The emphasis on spatial frequency led to the development of the contrast sensitivity function, which indicates an individual's ability to detect targets of various spatial frequencies. Evidence that the contrast sensitivity function is a valuable measure was reported by Ginsburg, Evans, Sekuler, and Harp (1982). Pilots flew simulated missions in an aircraft simulator in conditions of reduced visibility, and sometimes had to abort a landing because the runway was blocked. Ginsburg et al. (1982) assessed the pilots' visual acuity, which is an assessment of the smallest detail that can be detected. The pilots' flying performance was not related to visual acuity. However, those pilots with the highest contrast sensitivities noticed that the runway was blocked from a greater distance than did those with the lowest contrast sensitivities.

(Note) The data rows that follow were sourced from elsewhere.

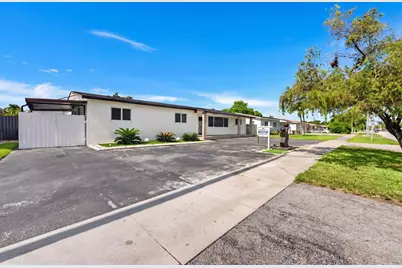 10040 SW 32nd Street, Miami, FL 33165 - Photo 3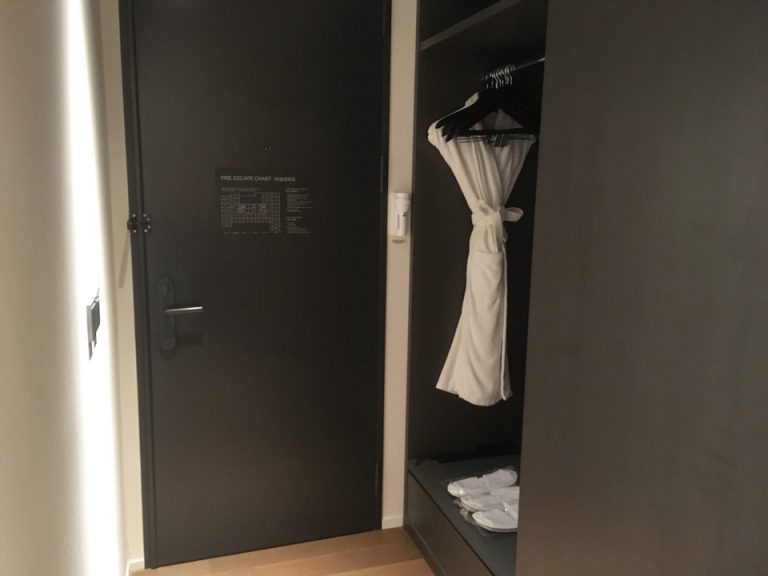 部屋の廊下から入り口側の写真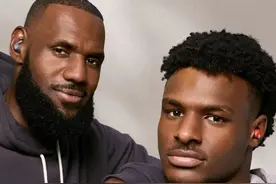 签了！詹姆斯儿子一周签约两家公司！老詹送出助攻，儿子空接暴扣图片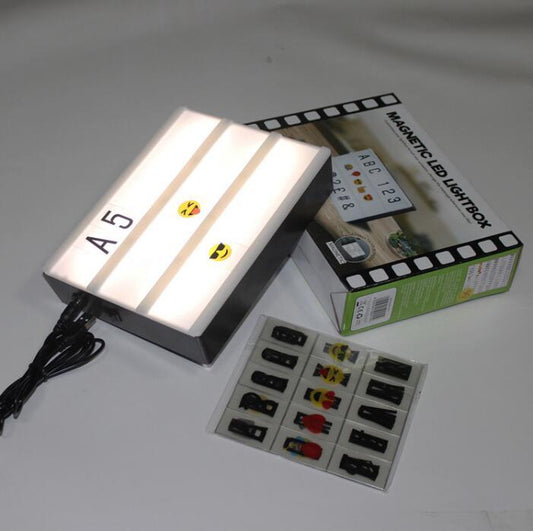 Caja de luz LED con letras intercambiables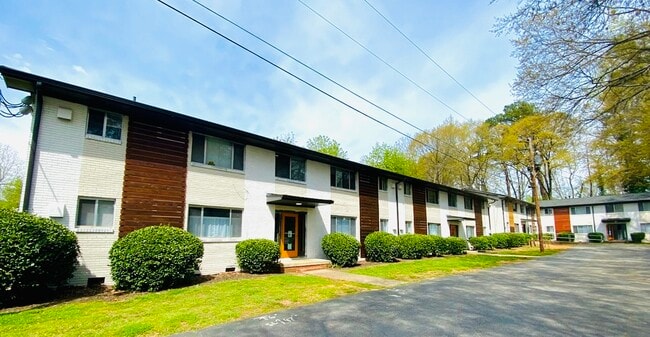 Building Photo - 1570 Memorial Drive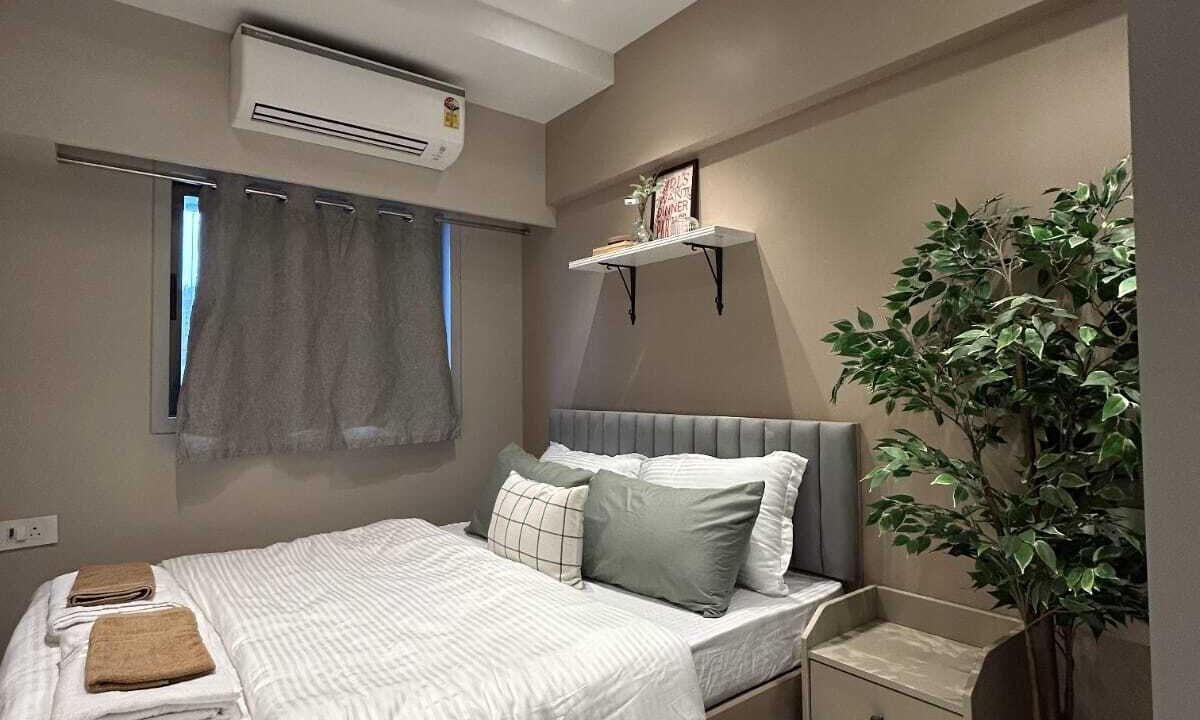 Photo of Bedroom in Prabhadevi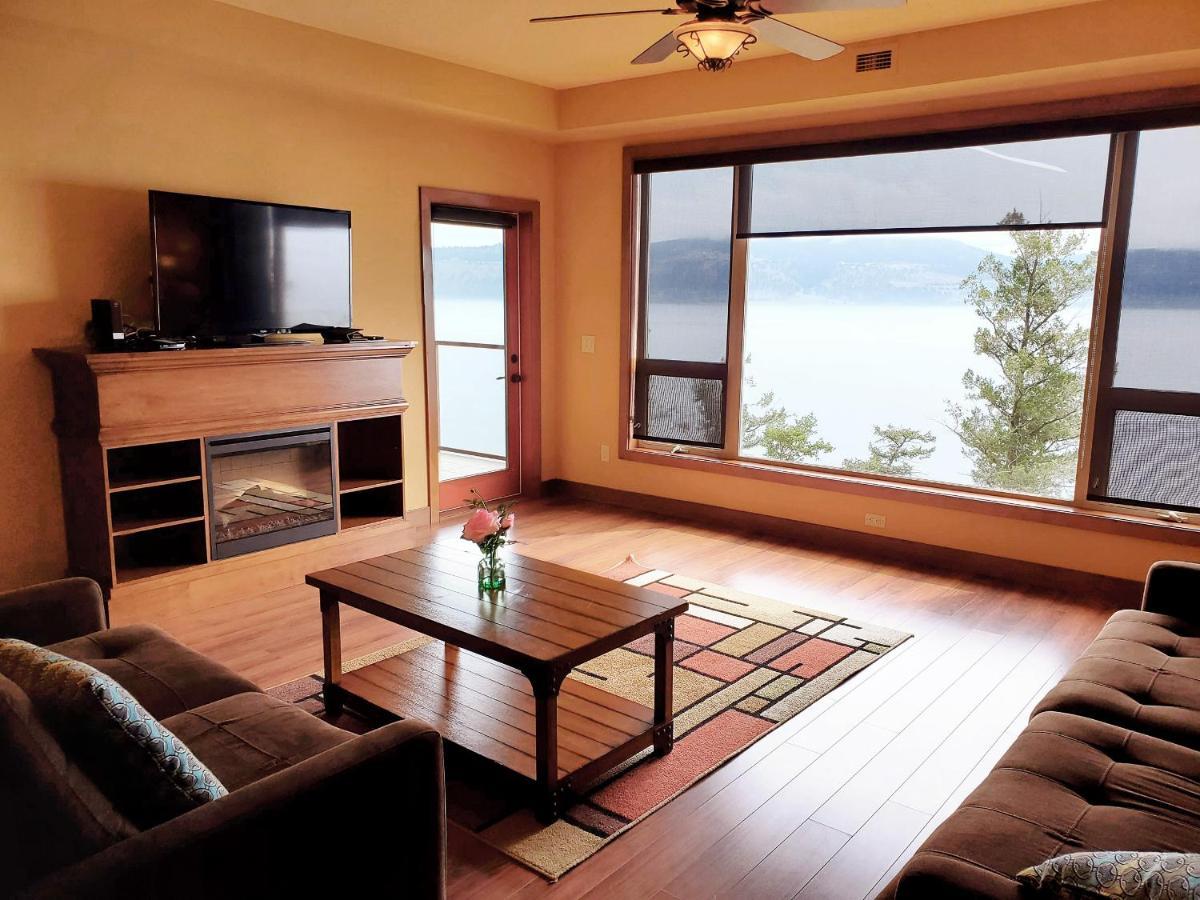 Cozystay Signature Lake Okanagan Resort Kelowna Esterno foto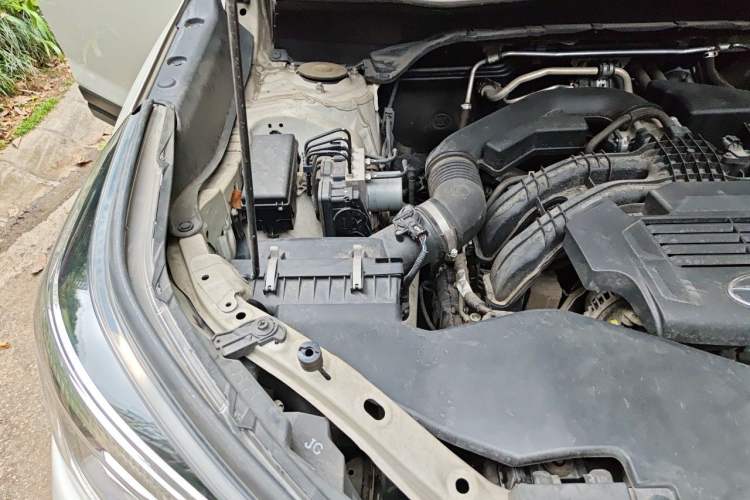 Used Subaru Forester 2019 2.0i Luxury Edition EyeSight Engine Bay Right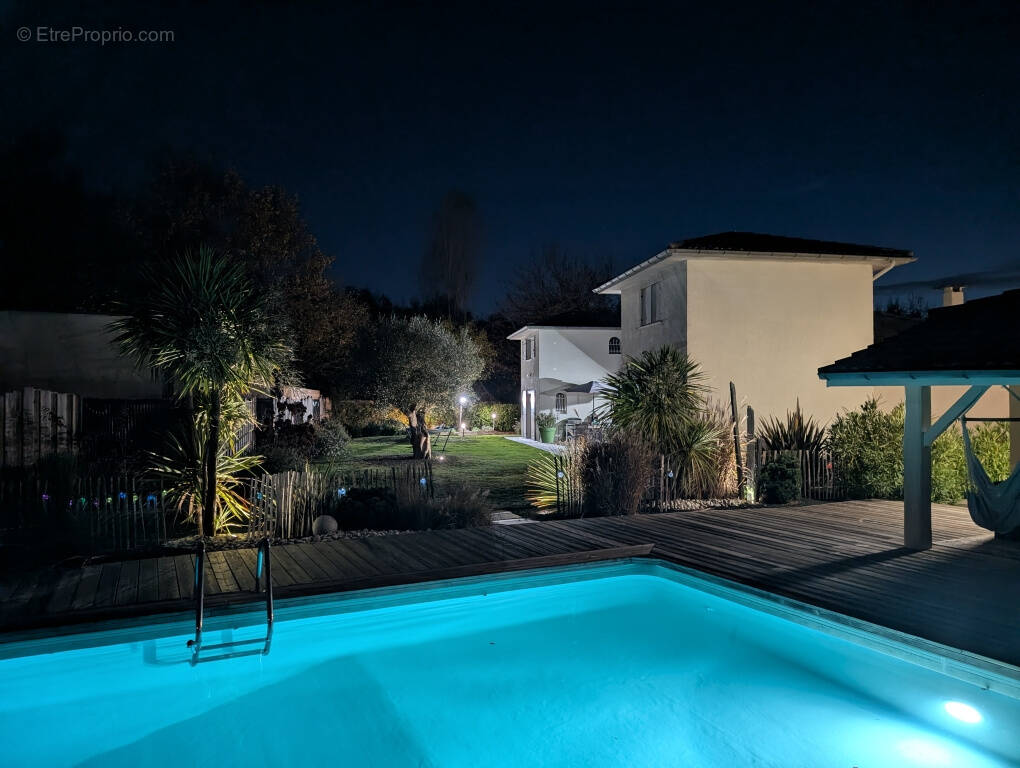 Maison à SAINT-SULPICE-ET-CAMEYRAC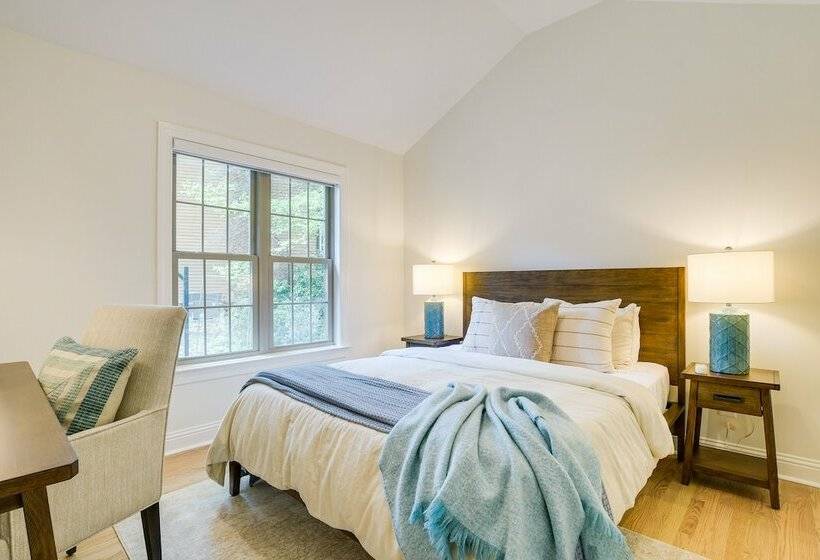 Beautiful Raleigh Cottage Rental: 5 Mi To Downtown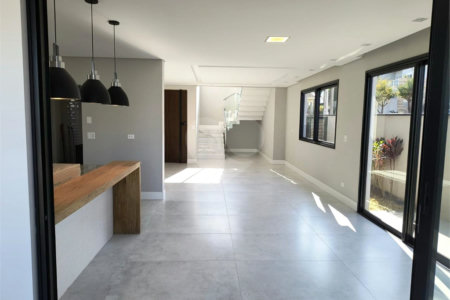 Casa à venda com 3 quartos, sendo 1 suíte, no condomínio Bella Città - Fazenda Rodeio, Mogi das Cruzes - SP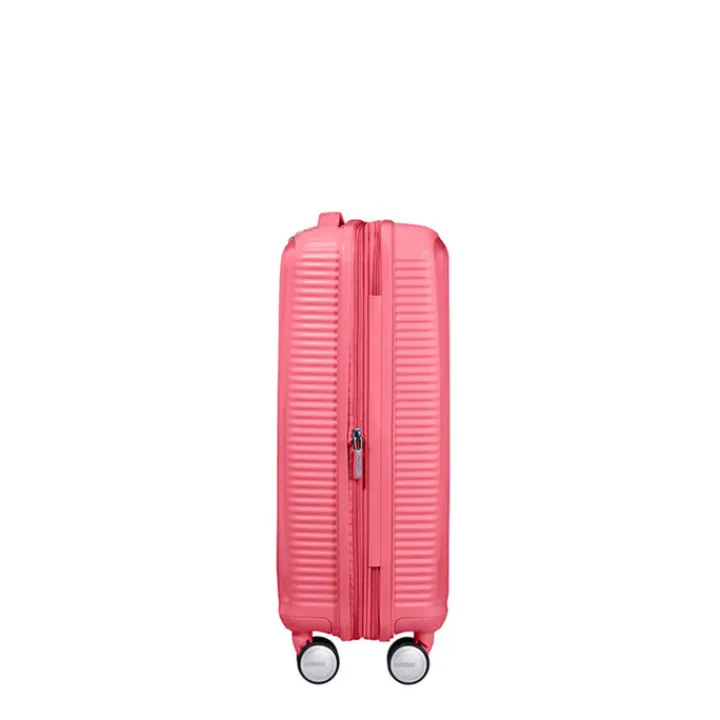 Transavia Trolleys|Ryanair Trolleys>American Tourister Soundbox Spinner 55 Expandable sun kissed coral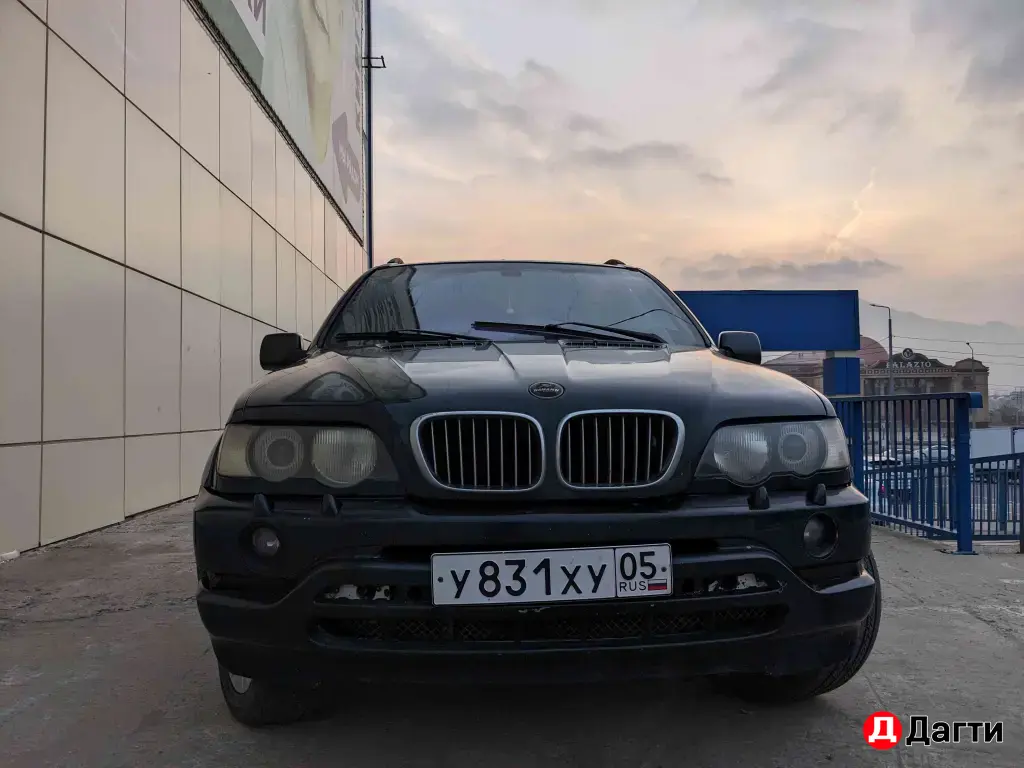 BMW X5, 2000 года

Harvey, Roberts, and Gervais (1983) presented individual letters very briefly, and asked their participants to name them. Some letters (e.g., "K" and "N") having several features in common were not confused, which is contrary to the prediction of feature theory In contrast, letters with similar spatial frequencies tended to be confused, even if they shared few common features. These findings suggest that spatial frequency is more important than features in the representation of letters within the visual system.


Stimulus features play a role in pattern recognition. However, feature theories leave much that is of importance out of account. First, they de-emphasise the effects of context and of expectations on pattern recognition. Weisstein and Harris (1974) used a task involving detection of a line embedded either in a briefly flashed three-dimensional form or in a less coherent form. According to feature theorists, the target line should always activate the same feature detectors, and so the coherence of the form in which it is embedded should not affect detection. In fact, target detection was best when the target line was part of a three-dimensional form. Weisstein and Harris (1974) called this the "object-superiority effect", and this effect is inconsistent with many feature theories.

Second, pattern recognition does not depend solely on listing the features of a stimulus. For example, the letter "A" consists of two oblique uprights and a dash, but these three features can be presented in such a way that they are not perceived as an A: \ / —. In order to understand pattern recognition, we need to consider the relationships among features as well as simply the features themselves.

Third, the limitations of feature theories are clearer with three-dimensional than with two-dimensional stimuli. The fact that observers can generally recognise three-dimensional objects even when some of the major features are hidden from view is hard to account for on a theory that emphasises the role of features in recognition.

Fourth, global processing often precedes feature processing (e.g., Navon, 1977). Additional evidence comes from research on face processing (discussed later).